Analysts at Goldman Sachs say the upgrade comes amidst a broader rerating higher for European currencies in 2025, allowing Sterling to "ride the European wave".
Crédit Agricole's says the next three months could see GBP/US hit the snooze button but, "The GBP/USD rally could resume in 6M-12M on the back of more persistent USD weakness as well as evidence of improving UK growth outlook."
The new point forecasts can be viewed here.
Goldman Sachs also thinks the Pound can outperform amidst rising U.S. tariffs. The call comes just days ahead of Donald Trump's April 02 "Liberation Day" tariffs.
"We think Sterling should benefit from a relative resilience to US tariffs, which should be increasingly important heading into the April 2nd tariff deadline," says Goldman Sachs.
Pound Sterling Live reports on Thursday, March 27, that the UK currency is performing as a tariff hedge, noting it recovered through the late Wednesday session as new tariff headlines flowed out of the White House.
Trump signed an order that will impose a 25% import tariff on all vehicle imports starting April 03.
The tariff would also apply to all vehicle components, leaving little scope for carve-outs. Trump said these tariffs were non-negotiable.
The Pound-to-Dollar exchange rate has recovered from 1.2870 to 1.2905.

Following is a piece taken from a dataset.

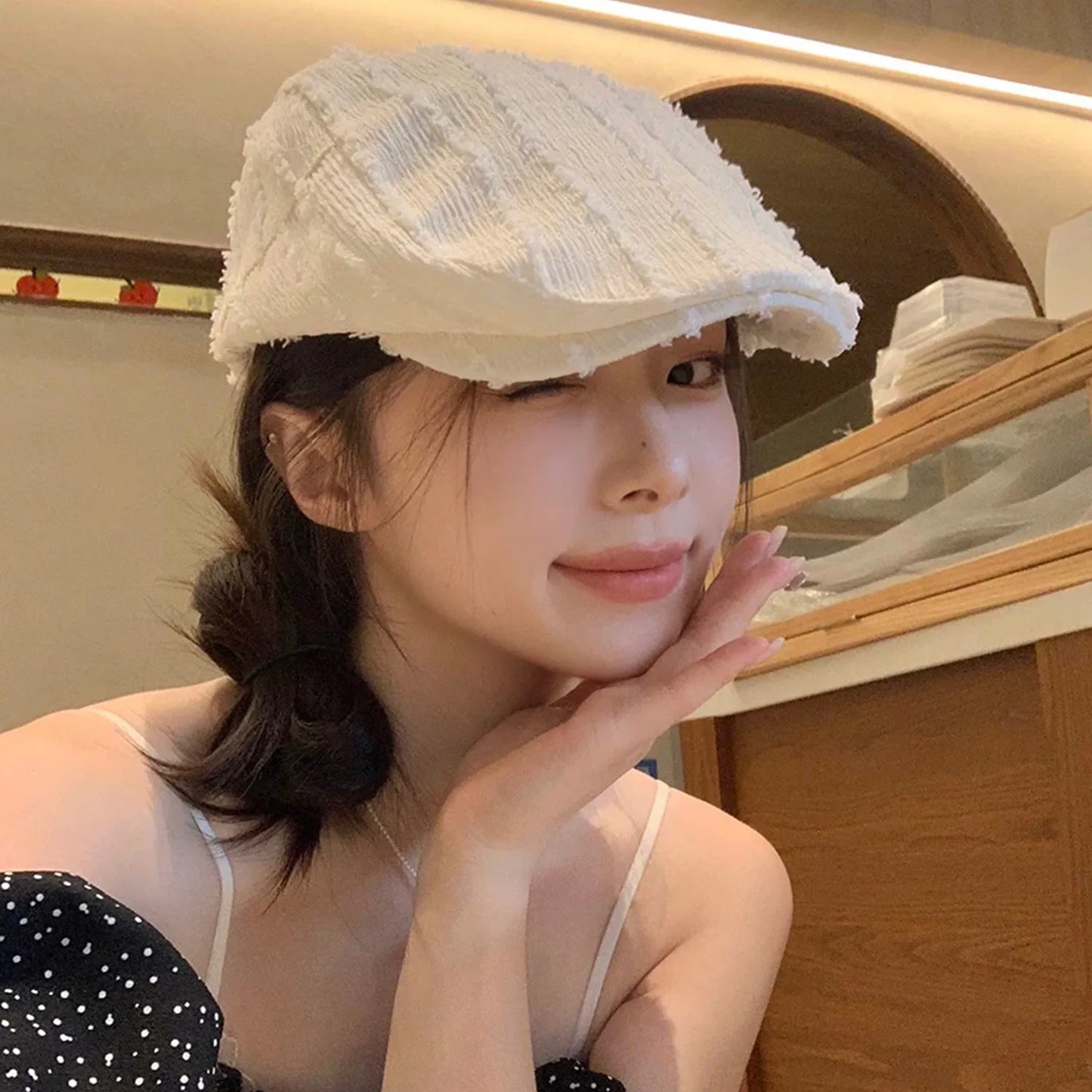 2025 New Ladies' Beret with Retro Frayed Edges Small and Sweet Duckbill Hat Japanese and Korean Fashion Artist Hat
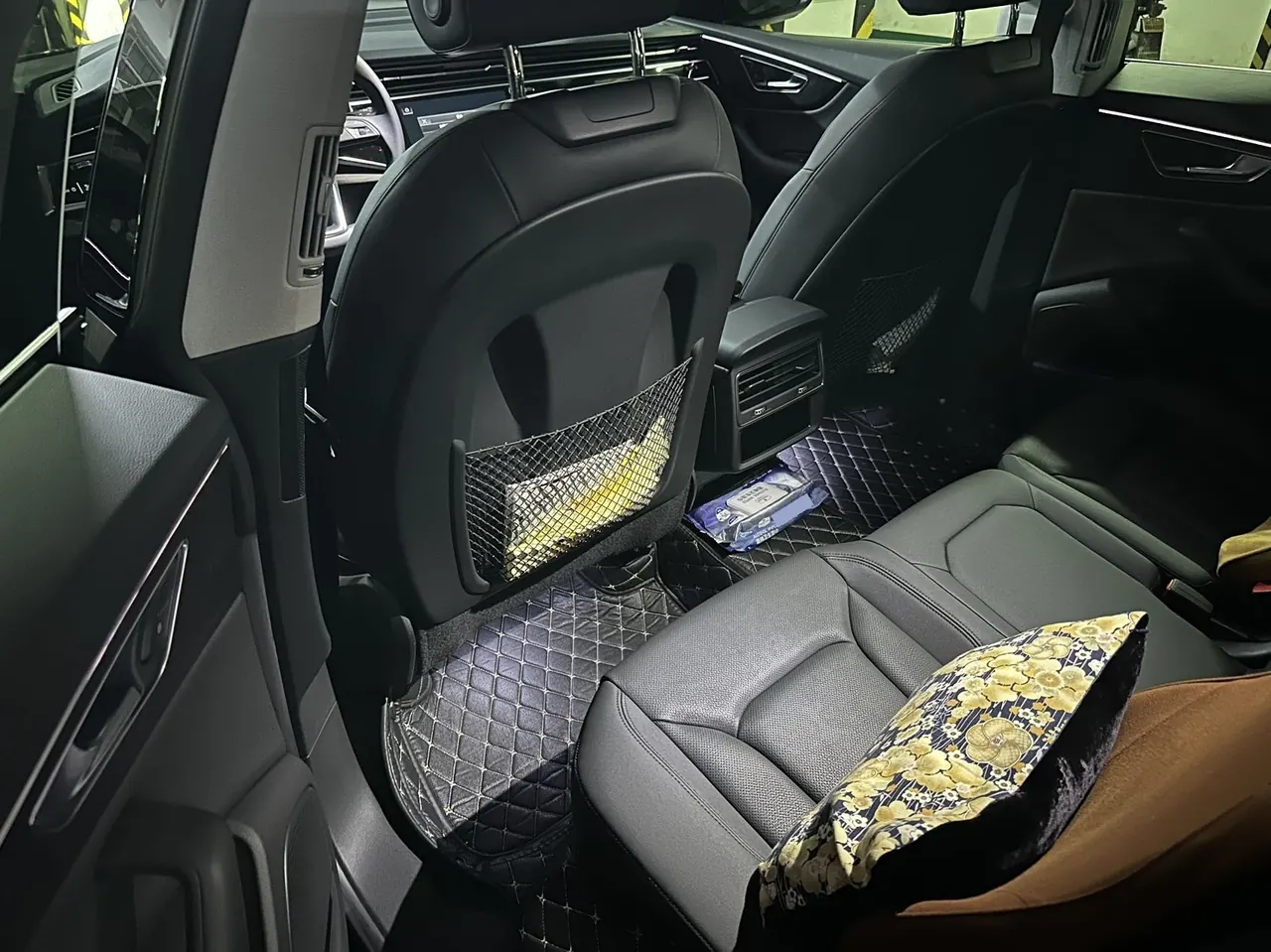 Audi Q8 (Imported) 2022 Q8 48V 3.0TFSI 55TFSI Luxury Dynamic Automatic Gear 6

According to the newly updated consensus forecast tracker at IncisiveFX, this latest move puts GBP/USD over 300 pips above the three-month target. In fact, GBP could be close to running ahead of the 12-month forecast.
Certainly, the currency pair is higher than Goldman Sachs' forecasts think is warranted, but interestingly, it is well below the Crédit Agricole prediction.
As the FX forecast tracker notes, Crédit Agricole joins Bank of America as being one of the more bullish Sterling forecasters.
Risks for GBP heading into next week are high, with some analysts warning the next set of tariffs from the U.S. could flip the Dollar reaction function from negative to positive.
It is why some investment banks like JP Morgan and Citi think the Dollar is due a comeback in the second quarter.
According to EU officials, countries in the European Union are likely to face a flat, double-digit tariff on all goods as part of the April 02 "reciprocal" tariffs.
Politico quotes three sources, said to have been briefed on talks between European trade chief Maroš Šefčovič and U.S. counterparts Commerce Secretary Howard Lutnick and Trade Representative Jamieson Greer.
The tariffs are expected to kick in at midnight on April 3.
EU ambassadors to the U.S. were also told there is little they can do to avoid the tariffs going into force, which the Trump administration views as the beginning, not the end, of trade negotiations.
Meanwhile, the UK is expected to be included, with Trump promising to target countries that charge value-added taxes.
For now, tariffs are not harming European countries, and in fact, it is the Dollar that has come under pressure.
But, given the scale of tariffs that are incoming, there is a possibility that they are severe enough to flip a switch in FX that reboots the Dollar's safe-haven credentials.
If so, Pound-Dollar faces a setback.